As deep-fried snacking chips and fries, potatoes are omnipresent, and in terms of health, ominous. But used well, the lowly spud can be an essential part of a healthy regimen for cancer patients as well as the whole family.
High in vitamin C and B vitamins, potatoes in their many varieties also contain fiber, potassium, and some protein. There are many different kinds of potatoes, ranging from starchy to waxy, and they each play a unique role in recipes. According to the American Cancer Society, because potatoes are gentle on the digestive tract and are good sources of potassium, they are a smart option if you are dealing with intestinal upset or diarrhea from chemotherapy or radiation treatments.
Here is our list of top taters:
Russet and Idaho: These classic floury potatoes are great for baking and mashing. Because russets are starchy, they can be used to thicken soups like our Vegetarian Borscht. If you are feeling unwell and need a gentle yet hearty comfort food, try our Potato and Rosemary Risotto. Russets are often baked and topped with sour cream, butter, and bacon bits. But for a healthier variation, top them with vegetables and a dollop of thick Greek yogurt.
Fingerling: These spuds get their name from their small, thin, and knobby appearance. They also range in color and consistency and should not be confused with baby potatoes. Because of their size, fingerlings are great simply tossed in a little oil, baked, and used as a side to many meals.
Yukon Gold or gold: These are waxier than a russets, but still become quite starchy when cooked. They are extremely versatile and can be mashed or cubed and used in hearty dishes like in our delicious Potato and Pepper Stew. They also make our Bubble and Squeak-ish dish the perfect consistency.

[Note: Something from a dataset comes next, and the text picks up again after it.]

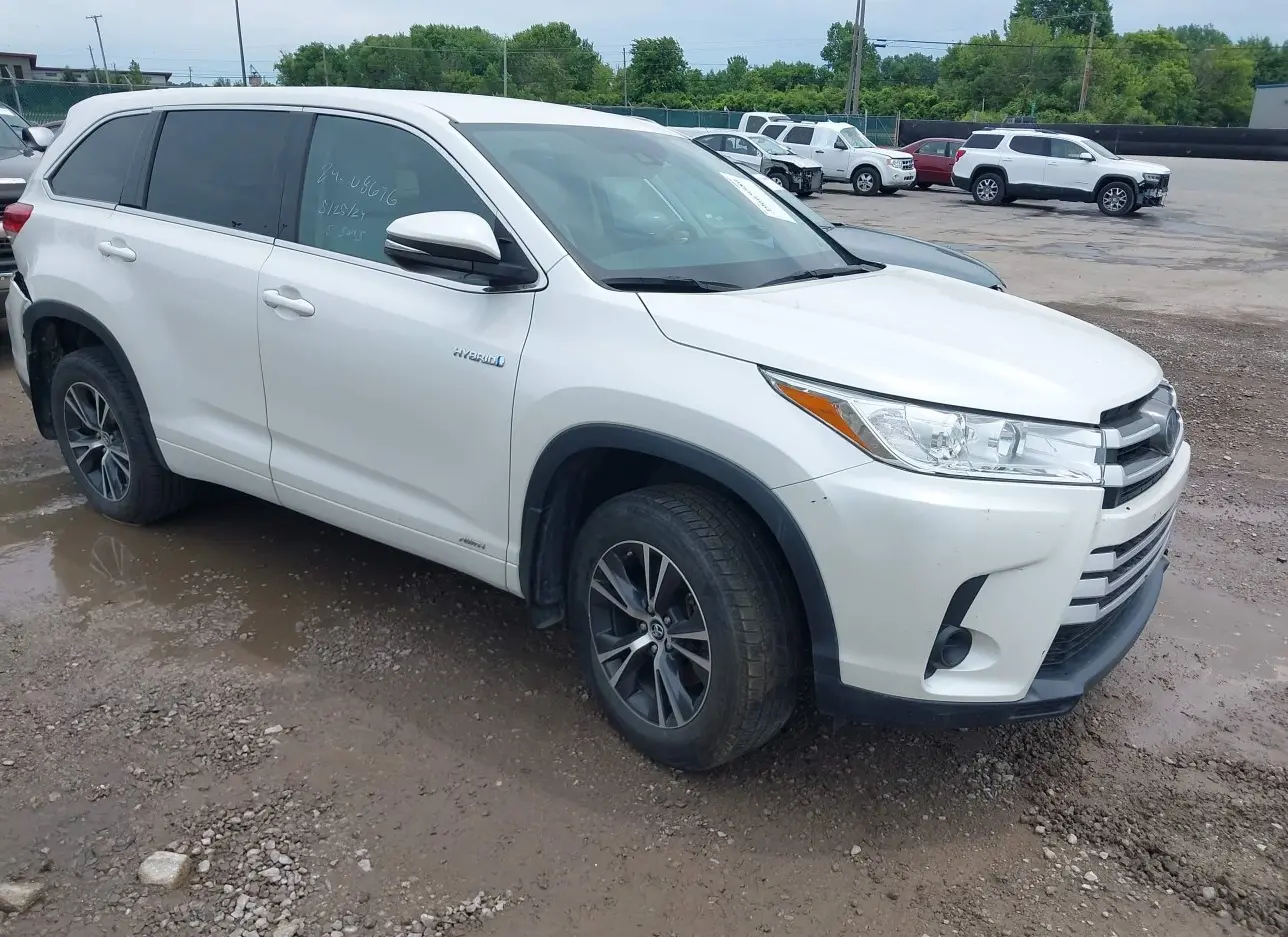 2018 TOYOTA  - Image 1.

New or baby: These tiny tubers come in all colors and are great with their skins on and left whole or diced. They will hold their shape, and have a soft, waxy consistency after baking. Use halved small potatoes in our Chicken Pot Au Feuin place of rice. Or, toss them in a little olive oil and rosemary and eat them alongside poached eggs in the morning.
Red: These are very waxy and are best used in recipes that require potatoes to hold their shape. They’re great cooked in their skin, so no need to peel them unless the recipe calls for it.
Purple: Their gorgeous color makes this variety both stunning and appetizing. They are usually only available at specialty and farmers’ markets, so grab them whenever you see them. According to a study from the University of Scranton, these purple pals have high levels of antioxidants and can help lower blood pressure. They’re great mashed or used in soups.
Sweet: When candy is not so dandy, these tasty treats are not only sweet, but are lower in simple carbs than other potatoes. For everything you need to know about them, see our article “Sweet Potatoes: How Sweet They Are.”
Heirloom: Usually only available at farmers’ markets, they’re called heirloom because though they may have been around for a long time, they’re not widely cultivated. That heirlooms are not common doesn’t mean they aren’t delicious. If you stumble upon an heirloom, ask the grower what they taste like (not always an easy question to answer) and in what recipes they work best.
Although potatoes have very different textures when cooked, they all have to have the same attributes when you buy them. Look for potatoes that are firm to the touch and have unblemished skins. They’re tubers, after all, so they can be a little gnarly, but shouldn’t have black spots or obvious breaks in the skin. Avoid any potatoes that have started sprouting ‘eyes’; this means they are well past their “cook by” date. If you have potatoes at home that have developed a greenish tinge under the skin, throw them out. A green potato is actually quite toxic. Store all potatoes in a cool dark place so that they keep longer, but don’t store them in the fridge, which also can cause them to turn green. Don’t forget, the fiber in potatoes is in the skin. We should all be eating more fiber so it’s a good idea to leave it on unless you have having issues with diarrhea, or have been told to follow a low fiber diet.
We use potatoes in a lot of our CFYL recipes. One of our favorites is our Celeriac and Potato Gratin, as is our Leek and Potato Soup. Always try to use the potatoes we suggest. You simply won’t get the same results if you substitute a waxy potato when the recipe calls for a floury one. Potato skins are the most nutrient dense part of potatoes, so if you plan on mashing or baking them, for the healthiest eating and added texture try to buy organic and leave the skin on.